Mike's mittens have been causing me consternation as the small needles I was using made the stitches really difficult. It's a pattern using twisted, or Bavarian stitches, which is basically cables without using a needle and it's quite absorbing but hard on my fingers with the small needles so I decided to rip back and start again using slightly larger needles. Hey ho!

This is the most accurate colour

These mittens have turned into a Sisyphian task!

I managed to do a bit more of my Craftsy class on Crazy Patchwork and my mind is full of ideas. I like to listen to the whole course before doing anything so I've got a couple more modules and then I shall start on the coursework. In the meantime I've been rummaging around in my fabric collection which was great fun.

I also rooted out some old crochet doilies and linens which could be incorporated into the final design.

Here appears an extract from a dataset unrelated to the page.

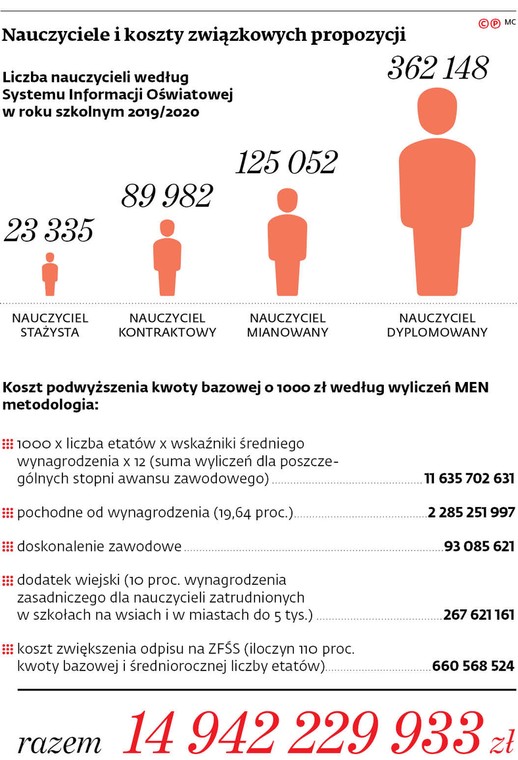 Nauczyciele i koszty związkowych propozycji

I have loads of buttons, beads and trimmings I could add quite apart from the embroidery possibilities. I do love planning a project! I love the idea of re-purposing things rather than just discarding them - we live in a throw-away society which hoarders like me find very strange.

Old doilies and mats to be cut up and used as decoration

These are old mats I had on my dressing table when I was a child. I don't know how old I was when I embroidered them - the blanket stitch on the edges looks a bit wonky in places!

There have of course been plenty of training runs during the last week and on the days when it wasn't raining, which were few and far between, I've been taking photos for my Fair Isle cowl project. I won't be starting this until late Spring but I'll soon have enough images to make a start at the sketching/plotting stage.

The twigginess of this un-trimmed hedge interested me, as did the carpet of rusty-coloured leaves

These tractor tyre tracks made a nice pattern

It was the reflection that caught my eye here as I've been looking for something for the mid-point on the cowl and I like the idea of a transition using an upside-down image such as this.

I'll end with a photo of another of my Amaryllis flowers. This one is 'Charisma' and is very pretty:

Starting this weekend, the next few weeks are going to be rather testing on the running front as I've got lots of marathons and ultras building towards my 50 miler in April. Wish me luck!